La scène d'ouverture intrigante et chaotique résume en quelque sorte le film. On est d'emblée surpris par le parti pris de la direction artistique qui brouille le cadre historique. On s'attend à se retrouver plongé en plein empire romain et on voit un gosse avec un sac en papier sur la tête jouant avec ses figurines en plastique dans un bordel monstre qu'on imagine cathartique. Remplacez les figurines par les personnages du film et Titus, c'est un peu ça. L'introduction se poursuit par une chorégraphie précise en synchronisation avec la musique orchestrale. Le film de Taymor pousse aussi du côté du spectacle.

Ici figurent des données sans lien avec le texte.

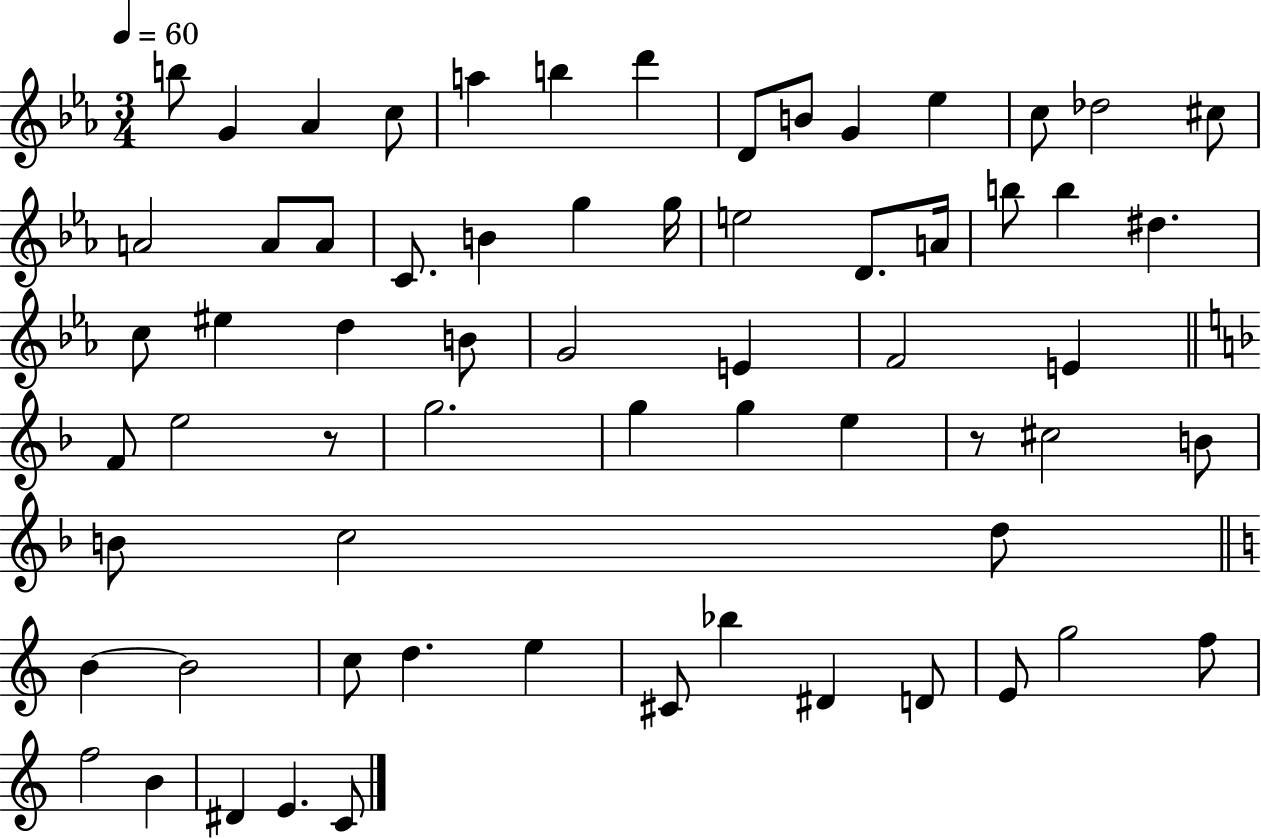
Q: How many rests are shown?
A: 2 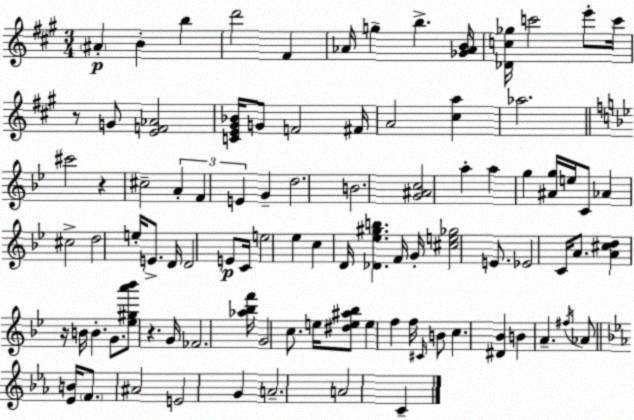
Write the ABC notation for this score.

X:1
T:Untitled
M:3/4
L:1/4
K:A
^A B b d'2 ^F _A/4 g b [_G_AB]/4 [_Dc_g]/4 c'2 e'/2 c'/4 z/2 G/2 [EF_A]2 [CE^G_B]/4 G/2 F2 ^F/4 A2 [^ca] _a2 ^c'2 z ^c2 A F E G d2 B2 [G^Ac]2 a a g [^Ag]/4 e/4 C/2 _A ^c2 d2 e/4 E/2 D/4 D2 E/2 C/4 e2 _e c D/4 [_D_e^gb] F/4 G/4 [^ce_g]2 E/2 _E2 C/4 A/2 [A^cd] z/4 B/4 B G/2 [_e^ga'_b']/2 z G/4 _F2 [_a_bf']/4 G2 c/2 e/4 [^de^a_b]/2 e f f/4 ^C/4 B/2 c [^D_B] B A ^f/4 _A/2 [_EB]/4 F/2 ^A2 E2 G A2 A2 C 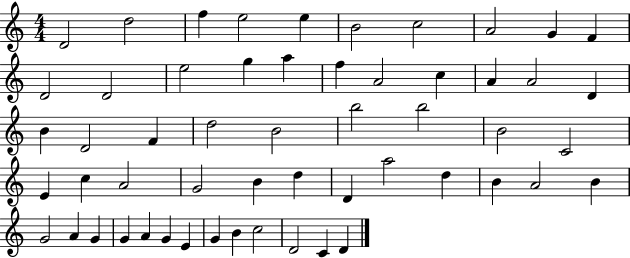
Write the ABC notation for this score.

X:1
T:Untitled
M:4/4
L:1/4
K:C
D2 d2 f e2 e B2 c2 A2 G F D2 D2 e2 g a f A2 c A A2 D B D2 F d2 B2 b2 b2 B2 C2 E c A2 G2 B d D a2 d B A2 B G2 A G G A G E G B c2 D2 C D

Par ailleurs, ce brouillage historique est visible de nouveau à travers la présence de tanks, de motos dont l'avant arbore une tête de loup, rappelant le mythe fondateur de Rome, celui de Rémus et Romulus, jumeaux recueillis par une louve. Ces ajouts évoquent une certaine imagerie fasciste, comme si la Rome impériale avait perduré jusqu'à nos jours et en avait conservé les symboles. Le film continue sur cette lancée et on croise ainsi des voitures, des bornes d'arcade, des journaux, des micros surmontés du logo SPQR News... Ce procédé témoigne sans doute d'une volonté de montrer que le récit en question est atemporel sinon intemporel à la manière de certaines oeuvres de science-fiction ou de fantasy. Ce décalage historique se voit également sur les costumes, richement travaillés. Titus présente aussi quelques scènes très graphiques qui ravissent les yeux.
Je disais plus haut que le genre du film s'apparentait à une comédie sanglante. Une des raisons pour lesquelles c'est le cas réside dans le comportement des personnages. En effet, bien qu'on assiste durant le récit à un spectacle d'horreur à base de meurtres, de viol, de cannibalisme et de mutilations, la façon grotesque, exagérée et cartoonesque dont sont peints les multiples protagonistes transmute le drame des situations en comédie noire. L'exemple le plus notable étant la scène où, Titus (incarné par Anthony Hopkins), grimé en cuisinier, tablier et toque bien en place, sert le dîner à la cour de l'empereur. Une simple tourte à la viande, à cette exception que la viande en question provient de Chiron et Demetrius, les deux fils restants de Tamora, alors épouse de l'empereur engagée dans un cycle de violence avec Titus. La vengeance est parfois un plat qui se mange chaud et bien apprêté.
Si le film fonctionne bien lorsqu'il est comique, c'est lorsqu'il essaye d'être dramatique que le bât blesse, et la musique ne parvient pas à nous dégager du grotesque ambiant. Le caractère dramatique des évènements étant atténué par la dimension bouffonne des personnages qui leur confère peu de crédibilité humaine, ce qui a provoqué chez moi un sentiment de discordance tonale (peut-être volontaire ?) lors de certaines scènes où l'on perçoit une intention dramatique ou tragique.
Comme je l'ai écrit plus haut, Titus se résume un peu dans sa scène d'introduction. C'est un spectacle chaotique, flamboyant et grotesque qui nous laisse titubant. Si l'on ne s'attend pas à une stricte tragédie et que l'on parvient à embrasser le chaos du film, on passe alors un bon moment.